Robert Bowes, an English diplomat in Edinburgh, wrote on 18 May to William Cecil that James VI wanted the men and the jewels returned to Scotland, and on 9 June that Bothwell had taken some of the jewels, and wanted to use them to make his peace, to effect his reconciliation, with James VI. James wanted the prisoners sent to John Carey at Berwick upon Tweed and delivered to his representative, John Hume of Hutton Hall. James VI described the thieves as "twa limers deuces". Thomas Power brought the prisoners to John Carey at Berwick. Carey sent another version of the inventory of the jewels to Robert Cecil, with a receipt from Thomas Power for a bag of red buckram tied with white tape containing the gold studs and aiglettes, two wings of a gown sewn with pearls, the nether skirt of an old black satin gown, a pair of blue taffeta sleeves, white taffeta from the lining of a garment, and two pieces of carnation coloured satin. According to Krogar and Martyn, Bothwell had kept the other jewels including rings, bracelets, and the black heart. Krogar signed this statement "Jachob Kroger Van Lunebarge".
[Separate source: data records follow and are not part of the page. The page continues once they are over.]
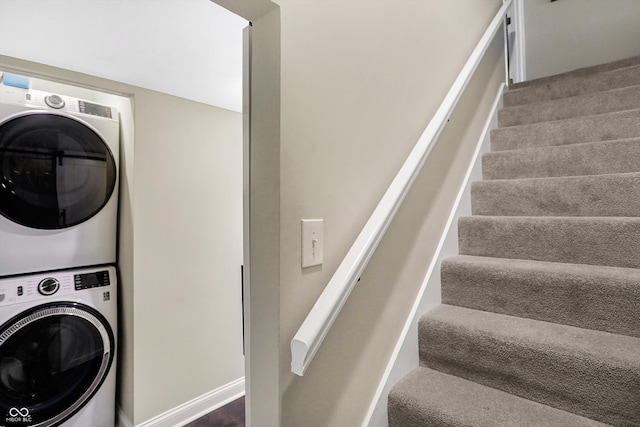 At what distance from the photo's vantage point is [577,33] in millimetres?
2850

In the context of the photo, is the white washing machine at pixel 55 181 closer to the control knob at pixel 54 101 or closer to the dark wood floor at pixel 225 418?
the control knob at pixel 54 101

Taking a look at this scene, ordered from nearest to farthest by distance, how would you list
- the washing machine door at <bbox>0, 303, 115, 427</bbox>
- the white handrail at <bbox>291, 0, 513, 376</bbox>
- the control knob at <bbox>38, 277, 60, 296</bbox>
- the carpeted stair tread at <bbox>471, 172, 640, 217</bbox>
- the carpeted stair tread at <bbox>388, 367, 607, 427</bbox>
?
the white handrail at <bbox>291, 0, 513, 376</bbox>, the carpeted stair tread at <bbox>388, 367, 607, 427</bbox>, the carpeted stair tread at <bbox>471, 172, 640, 217</bbox>, the washing machine door at <bbox>0, 303, 115, 427</bbox>, the control knob at <bbox>38, 277, 60, 296</bbox>

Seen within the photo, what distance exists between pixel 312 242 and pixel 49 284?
5.88ft

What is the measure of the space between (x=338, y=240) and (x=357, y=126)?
0.36m

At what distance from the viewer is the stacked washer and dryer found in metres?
1.59

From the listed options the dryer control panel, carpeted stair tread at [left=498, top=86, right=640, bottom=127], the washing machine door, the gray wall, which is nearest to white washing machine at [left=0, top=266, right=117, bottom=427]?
the washing machine door

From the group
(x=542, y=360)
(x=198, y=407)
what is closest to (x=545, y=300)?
(x=542, y=360)

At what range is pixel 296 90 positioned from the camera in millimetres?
740

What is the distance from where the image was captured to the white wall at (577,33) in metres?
2.60

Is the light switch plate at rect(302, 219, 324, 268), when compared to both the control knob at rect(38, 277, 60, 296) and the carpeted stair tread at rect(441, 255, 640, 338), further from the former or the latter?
the control knob at rect(38, 277, 60, 296)

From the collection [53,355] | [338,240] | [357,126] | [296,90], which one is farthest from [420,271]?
[53,355]

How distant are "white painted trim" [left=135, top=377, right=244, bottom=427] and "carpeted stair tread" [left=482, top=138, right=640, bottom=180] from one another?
2.42m

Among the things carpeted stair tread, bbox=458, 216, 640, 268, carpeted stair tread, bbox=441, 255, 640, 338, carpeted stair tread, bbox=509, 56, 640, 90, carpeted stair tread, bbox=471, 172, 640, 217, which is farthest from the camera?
carpeted stair tread, bbox=509, 56, 640, 90

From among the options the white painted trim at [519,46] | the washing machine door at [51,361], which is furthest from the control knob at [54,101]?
the white painted trim at [519,46] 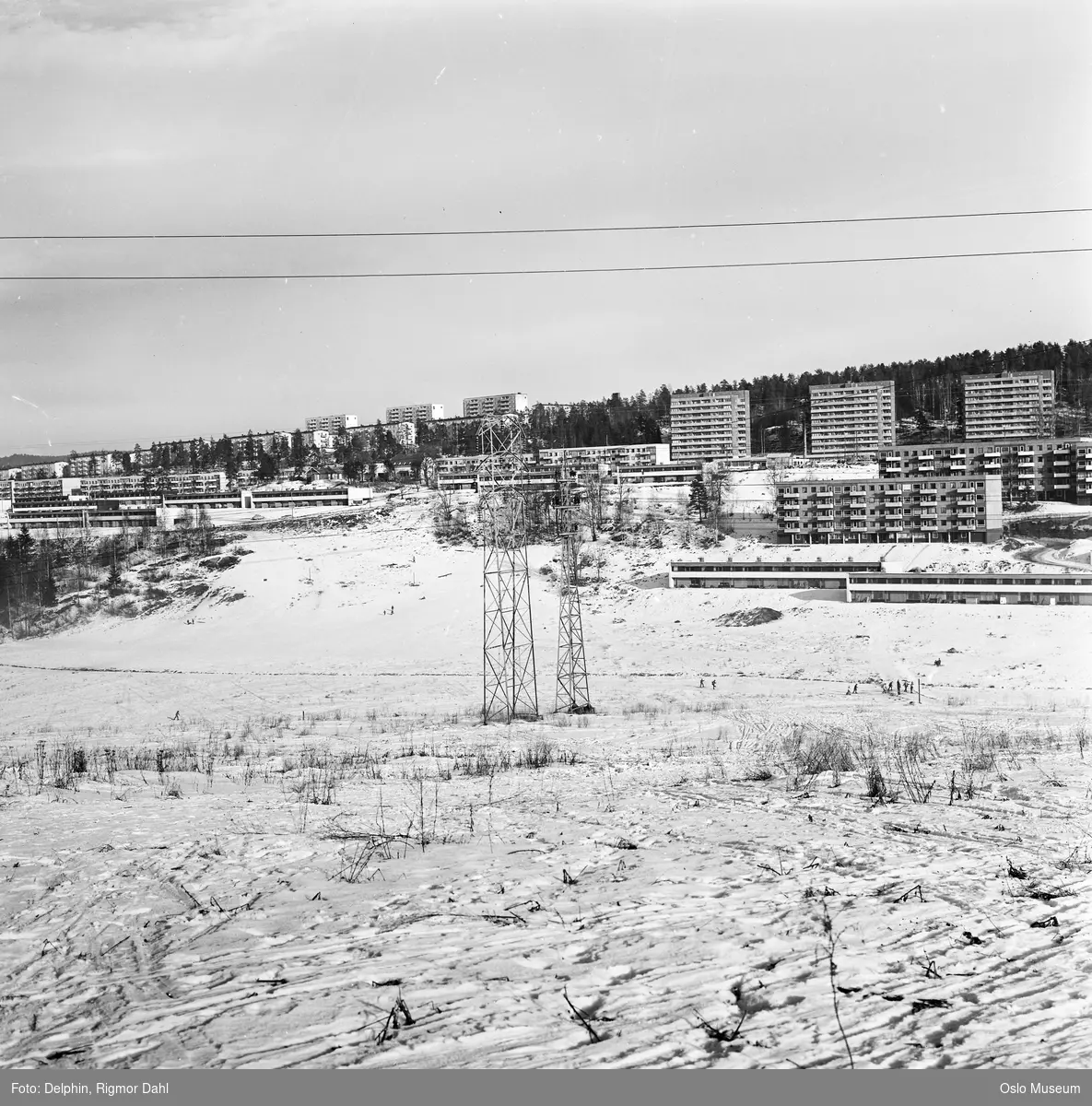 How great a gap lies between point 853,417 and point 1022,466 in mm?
34699

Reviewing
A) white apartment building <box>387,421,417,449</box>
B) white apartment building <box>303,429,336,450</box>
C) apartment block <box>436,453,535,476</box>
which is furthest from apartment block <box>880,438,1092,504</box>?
white apartment building <box>303,429,336,450</box>

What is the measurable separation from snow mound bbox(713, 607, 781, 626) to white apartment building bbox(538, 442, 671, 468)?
173 feet

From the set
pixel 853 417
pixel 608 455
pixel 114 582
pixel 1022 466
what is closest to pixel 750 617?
pixel 114 582

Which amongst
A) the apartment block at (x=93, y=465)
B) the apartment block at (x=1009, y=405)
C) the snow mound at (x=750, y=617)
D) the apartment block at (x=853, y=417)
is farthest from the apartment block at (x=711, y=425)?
the apartment block at (x=93, y=465)

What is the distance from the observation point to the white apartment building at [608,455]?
302 feet

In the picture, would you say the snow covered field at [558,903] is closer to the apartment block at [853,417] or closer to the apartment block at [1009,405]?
the apartment block at [1009,405]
Mary, Queen of Scots had owned velvet gowns embroidered with pearls, but an inventory of Anne of Denmark's clothes made in 1608 only mentions three items with seed pearls and none with aglets, and such adornments may have gone out of fashion. Thomas Power mentioned "ragged pearls", which were used to embroider Elizabeth's gowns and were used in 1602 to refurbish an old gown given to Lady Kildare. There was a stock of ragged pearls, regarded as of small value, in Anne of Denmark's wardrobe in 1619.

===Rendition===
Sir John Selby of Twizell, English deputy warden of the East March, delivered Kroger, Martyn, and the jewels to John Hume of Hutton Hall, the Scottish deputy warden of the East March, on 11 June 1594, a day of truce, at the west ford of Norham. Hume gave Selby a receipt for both men and jewels with another inventory, which mentions the silk threading attached to the aiglettes and studs in the red bag.
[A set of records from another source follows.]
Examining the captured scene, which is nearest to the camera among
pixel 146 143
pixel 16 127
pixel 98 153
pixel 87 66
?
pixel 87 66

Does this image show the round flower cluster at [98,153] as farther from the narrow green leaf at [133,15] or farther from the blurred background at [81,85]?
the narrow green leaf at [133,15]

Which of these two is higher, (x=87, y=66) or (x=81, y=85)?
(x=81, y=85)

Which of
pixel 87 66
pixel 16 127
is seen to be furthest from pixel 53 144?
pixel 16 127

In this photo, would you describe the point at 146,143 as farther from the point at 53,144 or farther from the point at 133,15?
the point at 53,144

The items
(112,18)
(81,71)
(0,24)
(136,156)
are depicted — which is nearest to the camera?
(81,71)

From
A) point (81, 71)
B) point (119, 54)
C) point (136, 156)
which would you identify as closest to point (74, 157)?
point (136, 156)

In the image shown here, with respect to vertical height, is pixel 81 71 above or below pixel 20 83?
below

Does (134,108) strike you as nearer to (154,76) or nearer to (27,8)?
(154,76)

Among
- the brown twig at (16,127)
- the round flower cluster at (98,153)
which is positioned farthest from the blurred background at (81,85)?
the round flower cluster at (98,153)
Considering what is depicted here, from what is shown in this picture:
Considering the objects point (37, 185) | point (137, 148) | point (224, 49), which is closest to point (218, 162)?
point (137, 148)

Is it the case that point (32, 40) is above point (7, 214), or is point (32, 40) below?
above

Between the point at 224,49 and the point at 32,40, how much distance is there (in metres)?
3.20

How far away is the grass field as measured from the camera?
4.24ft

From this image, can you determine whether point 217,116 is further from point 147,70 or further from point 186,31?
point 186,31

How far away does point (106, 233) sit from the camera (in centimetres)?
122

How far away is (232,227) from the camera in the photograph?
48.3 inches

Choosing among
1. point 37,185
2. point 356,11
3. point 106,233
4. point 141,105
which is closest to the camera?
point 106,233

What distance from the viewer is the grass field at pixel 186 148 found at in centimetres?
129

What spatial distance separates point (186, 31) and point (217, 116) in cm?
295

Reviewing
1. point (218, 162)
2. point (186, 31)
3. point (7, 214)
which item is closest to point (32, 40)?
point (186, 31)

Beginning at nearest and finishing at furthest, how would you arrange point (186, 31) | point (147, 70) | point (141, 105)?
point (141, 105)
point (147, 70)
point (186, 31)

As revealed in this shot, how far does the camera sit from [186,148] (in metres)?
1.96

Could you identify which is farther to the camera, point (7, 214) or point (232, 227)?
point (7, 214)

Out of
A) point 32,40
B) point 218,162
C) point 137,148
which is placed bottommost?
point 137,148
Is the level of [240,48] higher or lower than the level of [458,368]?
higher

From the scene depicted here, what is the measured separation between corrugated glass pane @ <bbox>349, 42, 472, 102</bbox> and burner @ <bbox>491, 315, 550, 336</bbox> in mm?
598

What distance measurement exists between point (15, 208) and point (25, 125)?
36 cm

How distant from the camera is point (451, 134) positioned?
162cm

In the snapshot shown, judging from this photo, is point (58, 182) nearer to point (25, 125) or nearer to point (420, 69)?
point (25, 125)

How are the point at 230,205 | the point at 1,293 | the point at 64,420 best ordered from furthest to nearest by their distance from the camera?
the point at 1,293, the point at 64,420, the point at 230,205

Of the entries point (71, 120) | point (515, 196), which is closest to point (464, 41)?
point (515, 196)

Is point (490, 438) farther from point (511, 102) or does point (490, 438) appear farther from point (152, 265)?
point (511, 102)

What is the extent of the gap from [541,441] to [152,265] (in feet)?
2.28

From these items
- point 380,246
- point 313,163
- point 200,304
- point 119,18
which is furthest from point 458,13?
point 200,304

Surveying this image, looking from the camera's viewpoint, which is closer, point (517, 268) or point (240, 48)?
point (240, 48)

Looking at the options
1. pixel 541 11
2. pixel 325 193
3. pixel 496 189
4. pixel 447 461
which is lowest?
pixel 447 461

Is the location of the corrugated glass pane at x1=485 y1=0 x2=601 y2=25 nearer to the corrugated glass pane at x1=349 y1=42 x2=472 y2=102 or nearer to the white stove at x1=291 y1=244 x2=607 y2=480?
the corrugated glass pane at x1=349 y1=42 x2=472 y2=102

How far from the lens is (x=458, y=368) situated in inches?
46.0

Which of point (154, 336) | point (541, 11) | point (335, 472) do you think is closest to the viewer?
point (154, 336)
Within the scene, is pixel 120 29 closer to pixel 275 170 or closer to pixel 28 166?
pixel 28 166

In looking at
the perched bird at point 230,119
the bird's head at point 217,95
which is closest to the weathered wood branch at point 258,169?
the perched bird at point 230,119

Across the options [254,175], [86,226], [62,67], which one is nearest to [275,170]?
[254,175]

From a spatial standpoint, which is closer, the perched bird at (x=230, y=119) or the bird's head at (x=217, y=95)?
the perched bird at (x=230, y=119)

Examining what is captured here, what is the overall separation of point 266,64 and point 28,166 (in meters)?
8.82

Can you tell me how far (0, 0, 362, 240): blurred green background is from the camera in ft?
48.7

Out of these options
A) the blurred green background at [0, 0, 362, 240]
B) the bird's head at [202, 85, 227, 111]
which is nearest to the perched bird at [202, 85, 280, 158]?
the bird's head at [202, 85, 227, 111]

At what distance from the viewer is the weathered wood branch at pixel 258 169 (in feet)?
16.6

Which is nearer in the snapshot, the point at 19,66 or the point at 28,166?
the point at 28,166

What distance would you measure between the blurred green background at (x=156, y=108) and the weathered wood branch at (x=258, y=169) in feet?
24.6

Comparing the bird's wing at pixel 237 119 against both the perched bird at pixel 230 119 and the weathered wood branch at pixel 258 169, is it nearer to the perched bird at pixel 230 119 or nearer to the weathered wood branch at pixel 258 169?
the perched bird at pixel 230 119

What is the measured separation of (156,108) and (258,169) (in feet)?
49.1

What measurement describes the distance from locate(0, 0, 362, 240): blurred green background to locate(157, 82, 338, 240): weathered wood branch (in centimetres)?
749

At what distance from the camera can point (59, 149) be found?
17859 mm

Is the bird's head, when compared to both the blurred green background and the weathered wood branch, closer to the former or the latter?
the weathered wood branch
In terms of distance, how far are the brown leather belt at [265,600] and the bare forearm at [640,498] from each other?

The two fugitives were returned to Edinburgh and they were executed by hanging three days later on Friday, 14 June 1594 after a brief trial.

Maureen Meikle explains that the Earl of Bothwell was Anne of Denmark's ally, and she had supported him in defiance of her husband, and so he may have intercepted Kroger and Martyn in order to prevent her things falling into English hands.

The queen's next goldsmith was a Frenchman, called "Clei" (presumably Elias Le Tellier), succeeded on 27 July 1597 by George Heriot. Ten years later, jewels were allegedly stolen from Anne of Denmark by Margaret Hartsyde, and after her death in 1619 by her Danish servant Anna Kaas and a French page Piero Hugon.